## Given data
────

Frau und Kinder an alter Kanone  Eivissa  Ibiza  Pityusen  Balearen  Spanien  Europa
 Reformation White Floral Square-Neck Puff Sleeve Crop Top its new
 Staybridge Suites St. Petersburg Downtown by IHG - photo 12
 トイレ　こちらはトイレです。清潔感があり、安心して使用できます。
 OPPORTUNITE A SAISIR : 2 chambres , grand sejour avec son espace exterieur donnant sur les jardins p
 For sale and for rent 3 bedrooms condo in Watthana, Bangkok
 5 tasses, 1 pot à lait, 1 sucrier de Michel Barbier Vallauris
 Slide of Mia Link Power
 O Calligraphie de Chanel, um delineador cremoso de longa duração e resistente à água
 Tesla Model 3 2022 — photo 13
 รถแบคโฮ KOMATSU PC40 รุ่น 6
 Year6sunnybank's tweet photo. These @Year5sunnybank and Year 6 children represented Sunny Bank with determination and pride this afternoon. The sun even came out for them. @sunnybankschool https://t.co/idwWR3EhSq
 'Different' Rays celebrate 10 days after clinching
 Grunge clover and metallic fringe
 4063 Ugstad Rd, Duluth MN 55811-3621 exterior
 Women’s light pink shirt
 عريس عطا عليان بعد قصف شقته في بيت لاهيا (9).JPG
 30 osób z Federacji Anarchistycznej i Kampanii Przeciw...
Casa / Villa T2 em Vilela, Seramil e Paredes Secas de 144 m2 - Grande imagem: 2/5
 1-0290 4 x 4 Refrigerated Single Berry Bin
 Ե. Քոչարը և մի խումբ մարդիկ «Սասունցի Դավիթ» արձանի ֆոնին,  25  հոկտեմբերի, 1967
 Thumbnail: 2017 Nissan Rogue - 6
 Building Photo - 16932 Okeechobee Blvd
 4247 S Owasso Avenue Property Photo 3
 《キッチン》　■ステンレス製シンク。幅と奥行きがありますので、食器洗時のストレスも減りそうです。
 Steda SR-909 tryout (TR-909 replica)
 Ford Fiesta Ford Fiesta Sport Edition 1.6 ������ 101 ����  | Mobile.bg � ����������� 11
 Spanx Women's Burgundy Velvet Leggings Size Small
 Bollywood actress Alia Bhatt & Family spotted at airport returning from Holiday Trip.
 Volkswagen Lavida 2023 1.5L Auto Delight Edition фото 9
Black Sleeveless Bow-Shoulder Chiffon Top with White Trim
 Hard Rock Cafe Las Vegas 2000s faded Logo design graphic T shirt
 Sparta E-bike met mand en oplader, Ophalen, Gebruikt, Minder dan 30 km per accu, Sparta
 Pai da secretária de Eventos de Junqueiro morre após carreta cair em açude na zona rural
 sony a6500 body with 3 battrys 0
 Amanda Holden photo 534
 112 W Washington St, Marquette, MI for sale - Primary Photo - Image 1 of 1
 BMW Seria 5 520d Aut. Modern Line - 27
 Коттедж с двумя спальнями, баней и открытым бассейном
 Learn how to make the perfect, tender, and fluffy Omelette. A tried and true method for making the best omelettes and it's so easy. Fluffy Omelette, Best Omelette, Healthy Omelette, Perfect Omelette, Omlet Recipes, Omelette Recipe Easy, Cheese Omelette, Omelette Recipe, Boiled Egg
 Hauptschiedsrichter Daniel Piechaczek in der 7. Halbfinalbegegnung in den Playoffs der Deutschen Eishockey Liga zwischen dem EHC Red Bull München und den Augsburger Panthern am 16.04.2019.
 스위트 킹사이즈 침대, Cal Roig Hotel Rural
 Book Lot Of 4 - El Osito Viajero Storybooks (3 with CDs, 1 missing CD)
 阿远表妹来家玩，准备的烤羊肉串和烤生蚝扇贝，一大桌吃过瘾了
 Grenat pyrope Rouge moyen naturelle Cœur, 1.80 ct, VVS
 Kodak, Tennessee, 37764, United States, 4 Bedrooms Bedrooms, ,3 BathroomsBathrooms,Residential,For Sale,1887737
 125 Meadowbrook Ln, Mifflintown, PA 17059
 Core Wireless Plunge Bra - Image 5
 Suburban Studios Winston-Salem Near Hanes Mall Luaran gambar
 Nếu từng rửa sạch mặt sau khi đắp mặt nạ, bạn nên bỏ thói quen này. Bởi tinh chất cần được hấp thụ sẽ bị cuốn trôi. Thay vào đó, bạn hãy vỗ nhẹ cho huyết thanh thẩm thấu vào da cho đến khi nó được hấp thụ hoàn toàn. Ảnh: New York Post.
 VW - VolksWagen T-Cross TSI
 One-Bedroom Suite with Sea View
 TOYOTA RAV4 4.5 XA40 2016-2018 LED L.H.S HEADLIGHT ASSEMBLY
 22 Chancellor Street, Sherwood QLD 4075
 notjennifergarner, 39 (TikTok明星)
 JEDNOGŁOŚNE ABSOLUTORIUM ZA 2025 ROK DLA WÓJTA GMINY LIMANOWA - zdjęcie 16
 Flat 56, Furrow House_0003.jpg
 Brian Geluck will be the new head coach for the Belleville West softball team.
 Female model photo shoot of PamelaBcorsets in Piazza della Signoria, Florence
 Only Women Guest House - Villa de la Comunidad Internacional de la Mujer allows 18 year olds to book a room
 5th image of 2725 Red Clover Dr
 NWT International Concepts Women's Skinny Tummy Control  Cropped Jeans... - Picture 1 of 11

────

## Task directions
In full and word for word, output the entries.

## Your solution
Frau und Kinder an alter Kanone  Eivissa  Ibiza  Pityusen  Balearen  Spanien  Europa
 Reformation White Floral Square-Neck Puff Sleeve Crop Top its new
 Staybridge Suites St. Petersburg Downtown by IHG - photo 12
 トイレ　こちらはトイレです。清潔感があり、安心して使用できます。
 OPPORTUNITE A SAISIR : 2 chambres , grand sejour avec son espace exterieur donnant sur les jardins p
 For sale and for rent 3 bedrooms condo in Watthana, Bangkok
 5 tasses, 1 pot à lait, 1 sucrier de Michel Barbier Vallauris
 Slide of Mia Link Power
 O Calligraphie de Chanel, um delineador cremoso de longa duração e resistente à água
 Tesla Model 3 2022 — photo 13
 รถแบคโฮ KOMATSU PC40 รุ่น 6
 Year6sunnybank's tweet photo. These @Year5sunnybank and Year 6 children represented Sunny Bank with determination and pride this afternoon. The sun even came out for them. @sunnybankschool https://t.co/idwWR3EhSq
 'Different' Rays celebrate 10 days after clinching
 Grunge clover and metallic fringe
 4063 Ugstad Rd, Duluth MN 55811-3621 exterior
 Women’s light pink shirt
 عريس عطا عليان بعد قصف شقته في بيت لاهيا (9).JPG
 30 osób z Federacji Anarchistycznej i Kampanii Przeciw...
Casa / Villa T2 em Vilela, Seramil e Paredes Secas de 144 m2 - Grande imagem: 2/5
 1-0290 4 x 4 Refrigerated Single Berry Bin
 Ե. Քոչարը և մի խումբ մարդիկ «Սասունցի Դավիթ» արձանի ֆոնին,  25  հոկտեմբերի, 1967
 Thumbnail: 2017 Nissan Rogue - 6
 Building Photo - 16932 Okeechobee Blvd
 4247 S Owasso Avenue Property Photo 3
 《キッチン》　■ステンレス製シンク。幅と奥行きがありますので、食器洗時のストレスも減りそうです。
 Steda SR-909 tryout (TR-909 replica)
 Ford Fiesta Ford Fiesta Sport Edition 1.6 ������ 101 ����  | Mobile.bg � ����������� 11
 Spanx Women's Burgundy Velvet Leggings Size Small
 Bollywood actress Alia Bhatt & Family spotted at airport returning from Holiday Trip.
 Volkswagen Lavida 2023 1.5L Auto Delight Edition фото 9
Black Sleeveless Bow-Shoulder Chiffon Top with White Trim
 Hard Rock Cafe Las Vegas 2000s faded Logo design graphic T shirt
 Sparta E-bike met mand en oplader, Ophalen, Gebruikt, Minder dan 30 km per accu, Sparta
 Pai da secretária de Eventos de Junqueiro morre após carreta cair em açude na zona rural
 sony a6500 body with 3 battrys 0
 Amanda Holden photo 534
 112 W Washington St, Marquette, MI for sale - Primary Photo - Image 1 of 1
 BMW Seria 5 520d Aut. Modern Line - 27
 Коттедж с двумя спальнями, баней и открытым бассейном
 Learn how to make the perfect, tender, and fluffy Omelette. A tried and true method for making the best omelettes and it's so easy. Fluffy Omelette, Best Omelette, Healthy Omelette, Perfect Omelette, Omlet Recipes, Omelette Recipe Easy, Cheese Omelette, Omelette Recipe, Boiled Egg
 Hauptschiedsrichter Daniel Piechaczek in der 7. Halbfinalbegegnung in den Playoffs der Deutschen Eishockey Liga zwischen dem EHC Red Bull München und den Augsburger Panthern am 16.04.2019.
 스위트 킹사이즈 침대, Cal Roig Hotel Rural
 Book Lot Of 4 - El Osito Viajero Storybooks (3 with CDs, 1 missing CD)
 阿远表妹来家玩，准备的烤羊肉串和烤生蚝扇贝，一大桌吃过瘾了
 Grenat pyrope Rouge moyen naturelle Cœur, 1.80 ct, VVS
 Kodak, Tennessee, 37764, United States, 4 Bedrooms Bedrooms, ,3 BathroomsBathrooms,Residential,For Sale,1887737
 125 Meadowbrook Ln, Mifflintown, PA 17059
 Core Wireless Plunge Bra - Image 5
 Suburban Studios Winston-Salem Near Hanes Mall Luaran gambar
 Nếu từng rửa sạch mặt sau khi đắp mặt nạ, bạn nên bỏ thói quen này. Bởi tinh chất cần được hấp thụ sẽ bị cuốn trôi. Thay vào đó, bạn hãy vỗ nhẹ cho huyết thanh thẩm thấu vào da cho đến khi nó được hấp thụ hoàn toàn. Ảnh: New York Post.
 VW - VolksWagen T-Cross TSI
 One-Bedroom Suite with Sea View
 TOYOTA RAV4 4.5 XA40 2016-2018 LED L.H.S HEADLIGHT ASSEMBLY
 22 Chancellor Street, Sherwood QLD 4075
 notjennifergarner, 39 (TikTok明星)
 JEDNOGŁOŚNE ABSOLUTORIUM ZA 2025 ROK DLA WÓJTA GMINY LIMANOWA - zdjęcie 16
 Flat 56, Furrow House_0003.jpg
 Brian Geluck will be the new head coach for the Belleville West softball team.
 Female model photo shoot of PamelaBcorsets in Piazza della Signoria, Florence
 Only Women Guest House - Villa de la Comunidad Internacional de la Mujer allows 18 year olds to book a room
 5th image of 2725 Red Clover Dr
 NWT International Concepts Women's Skinny Tummy Control  Cropped Jeans... - Picture 1 of 11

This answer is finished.